__Assignment__. Starting at the line below that contains "Garlic young only collected from the garden" and ending at the line that contains "An exterior photo", retype each line exactly as it stands, but omit the pictures.

[Captioned web images]
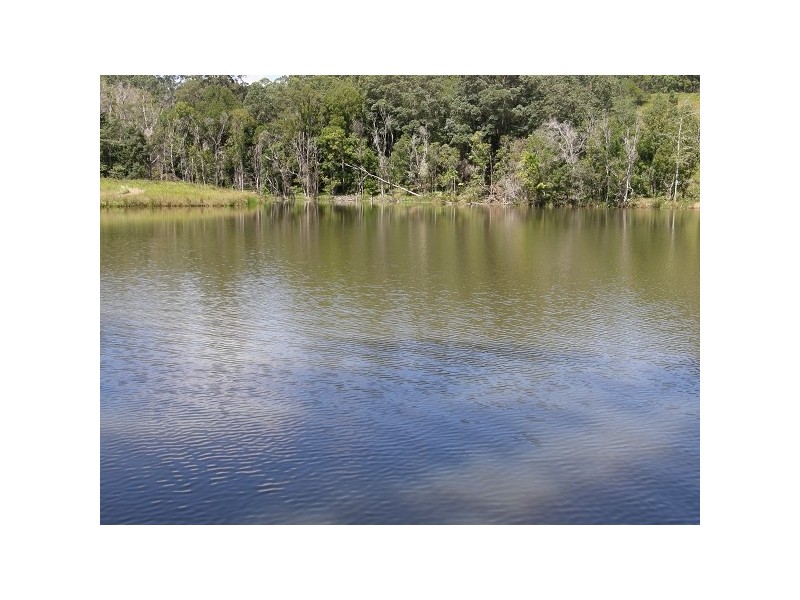 Dunoon NSW 2480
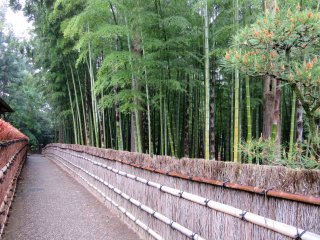 Bamboo grove leads to Kobuntei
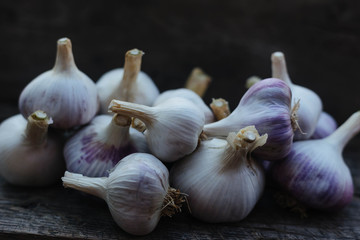 Garlic young only collected from the garden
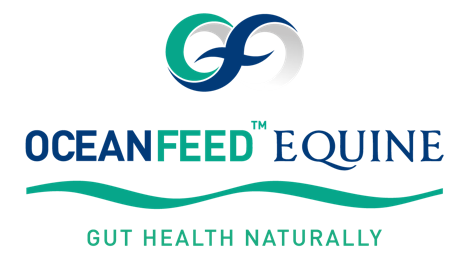 Oceanfeed Equine
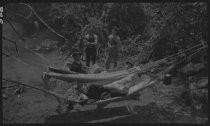 Hammocks at Willow Camp, 1920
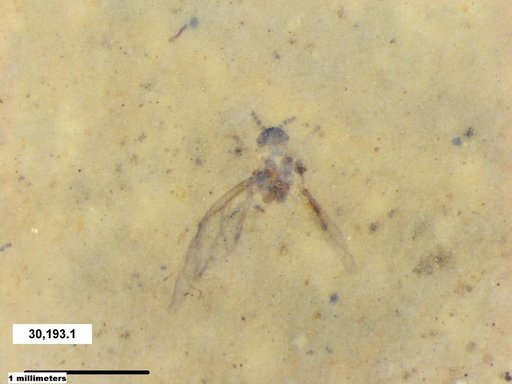 Aphididae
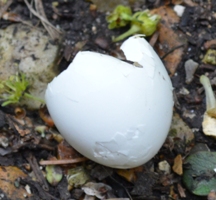 Egg (Debirded)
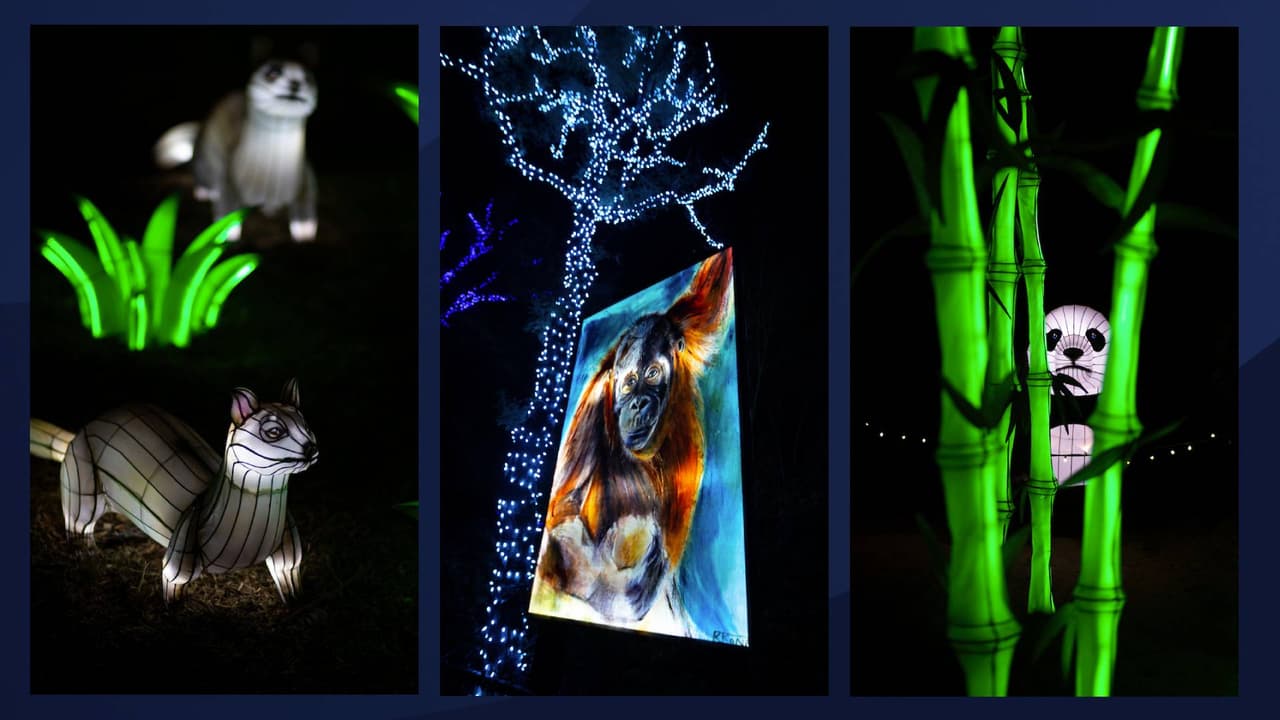“ZooLights” es uno de los mayores espectáculos de luces festivas al oeste del valle.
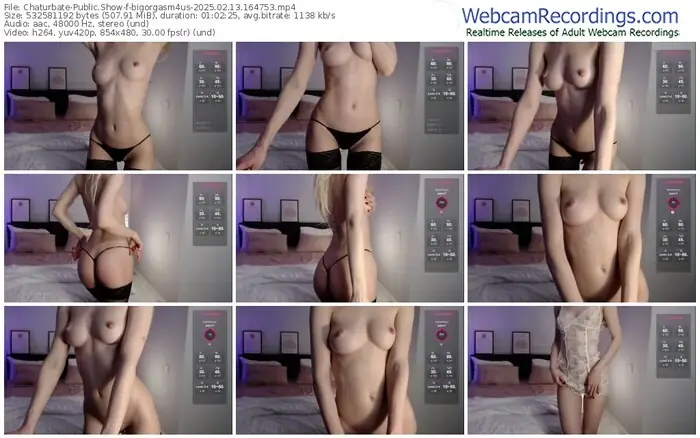 2025/02/13/chaturbate-bigorgasm4us-16-47-53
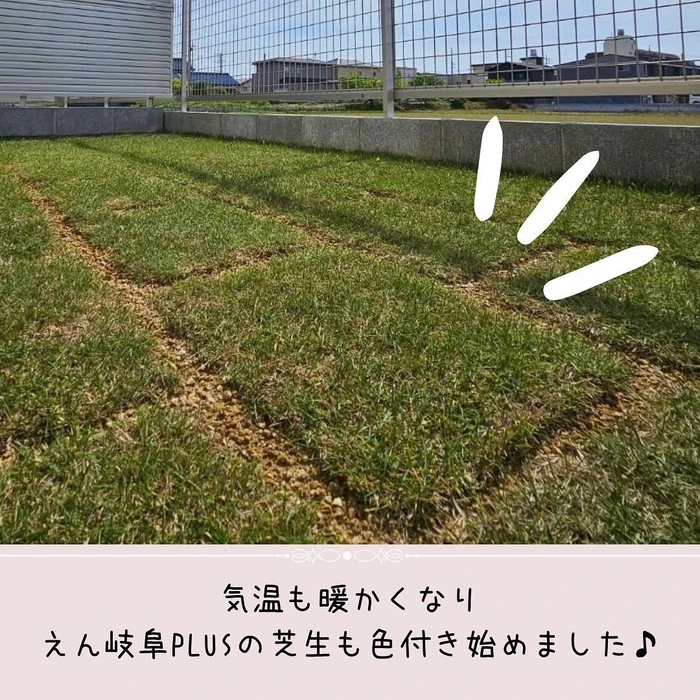 画像303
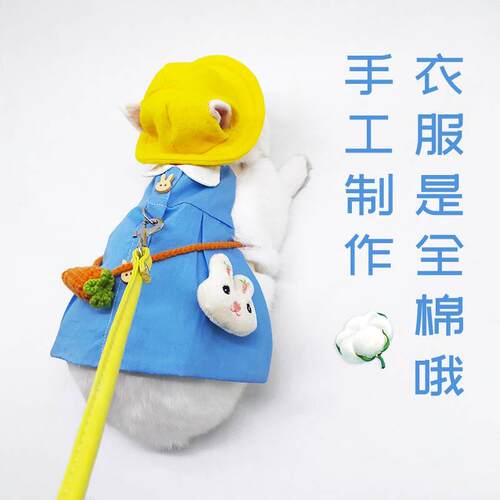 亚马055逊服款宠物兔衣兔兔猫新咪牵引绳服饰游拍照宠物日出韩风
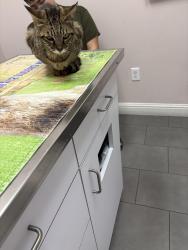 Found/Stray Female Cat last seen Near Waterwheel Dr, Sacramento, CA 95833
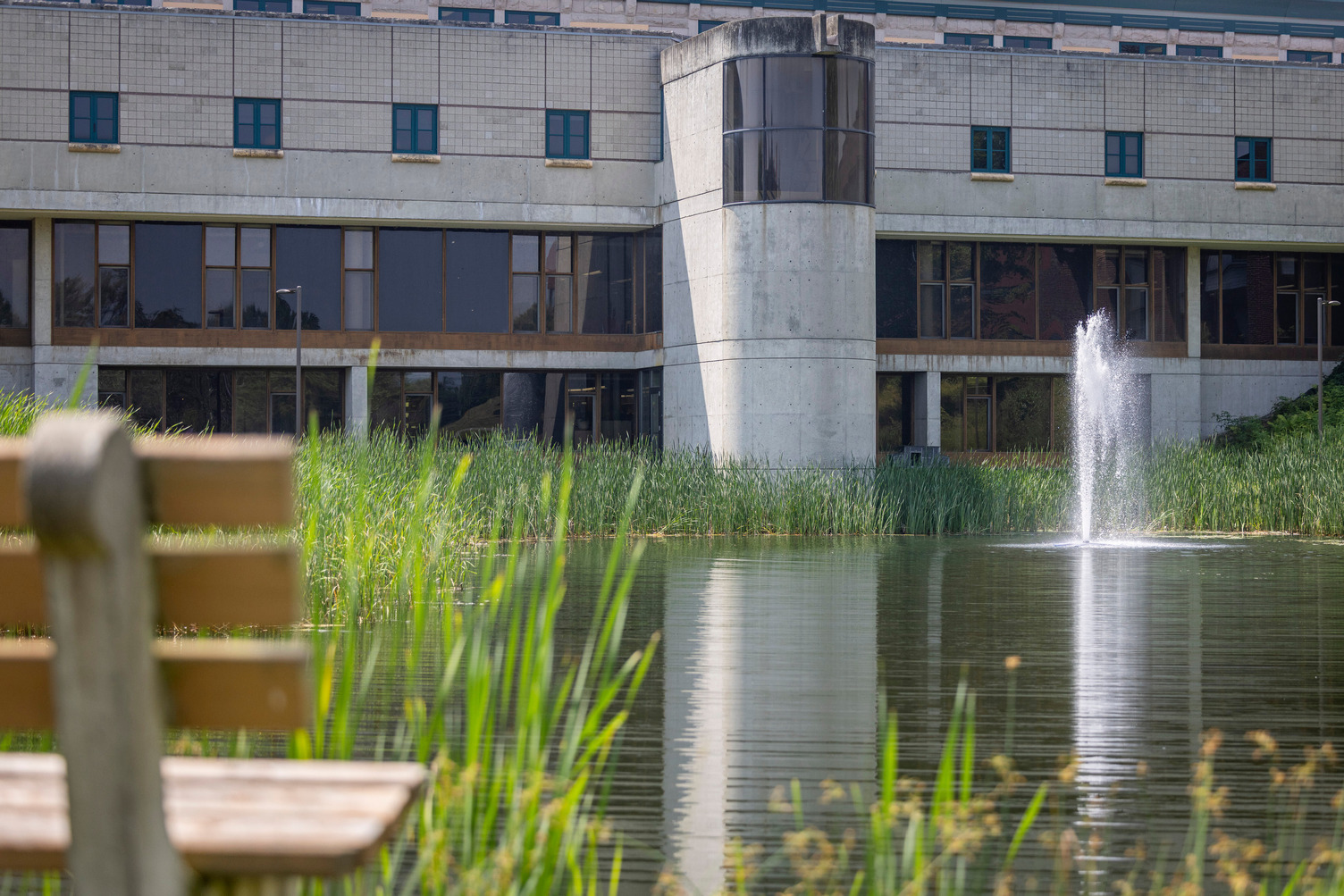 An exterior photo of Samuel Reed Library building, as seen from across the pond outside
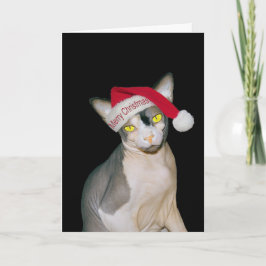 Sphynx Cat Santa Black Christmas Karte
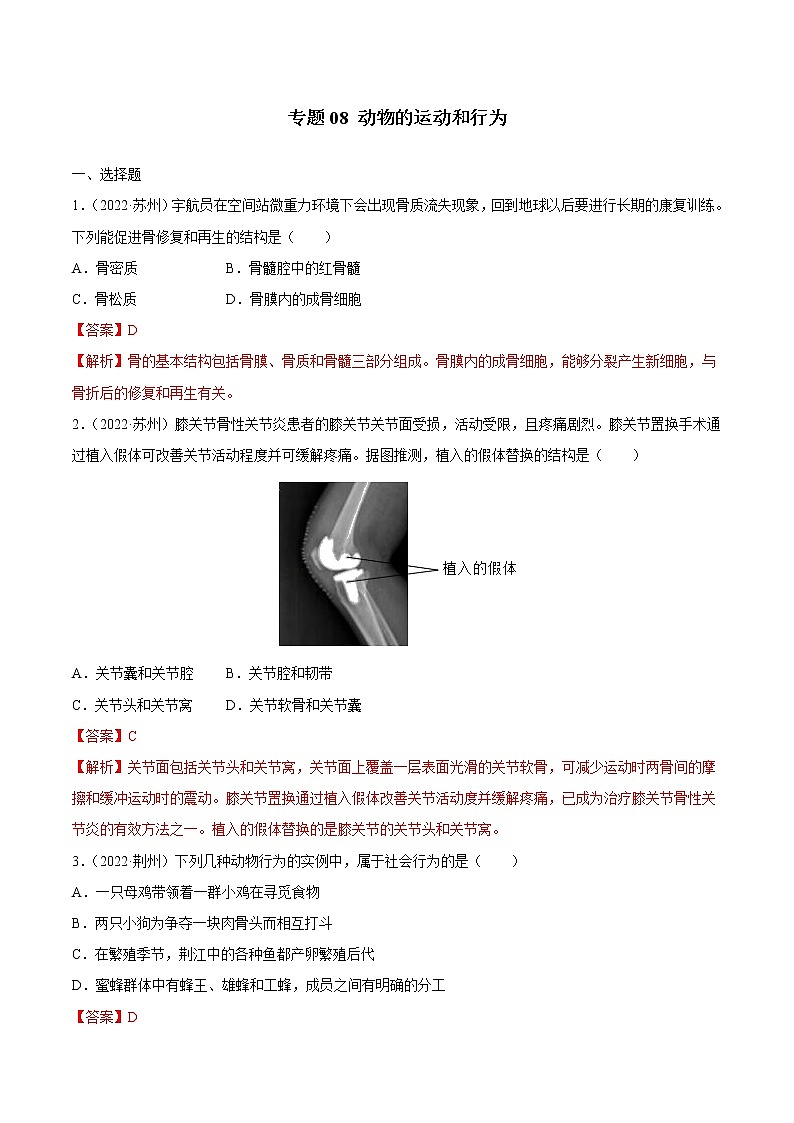 初中生物中考复习 专题08 动物的运动和行为-三年（2020-2022）中考生物真题分项汇编（全国通用）（解析版）01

__Result of this exercise__.
 Garlic young only collected from the garden
 Oceanfeed Equine
 Hammocks at Willow Camp, 1920
 Aphididae
 Egg (Debirded)
“ZooLights” es uno de los mayores espectáculos de luces festivas al oeste del valle.
 2025/02/13/chaturbate-bigorgasm4us-16-47-53
 画像303
 亚马055逊服款宠物兔衣兔兔猫新咪牵引绳服饰游拍照宠物日出韩风
 Found/Stray Female Cat last seen Near Waterwheel Dr, Sacramento, CA 95833
 An exterior photo of Samuel Reed Library building, as seen from across the pond outside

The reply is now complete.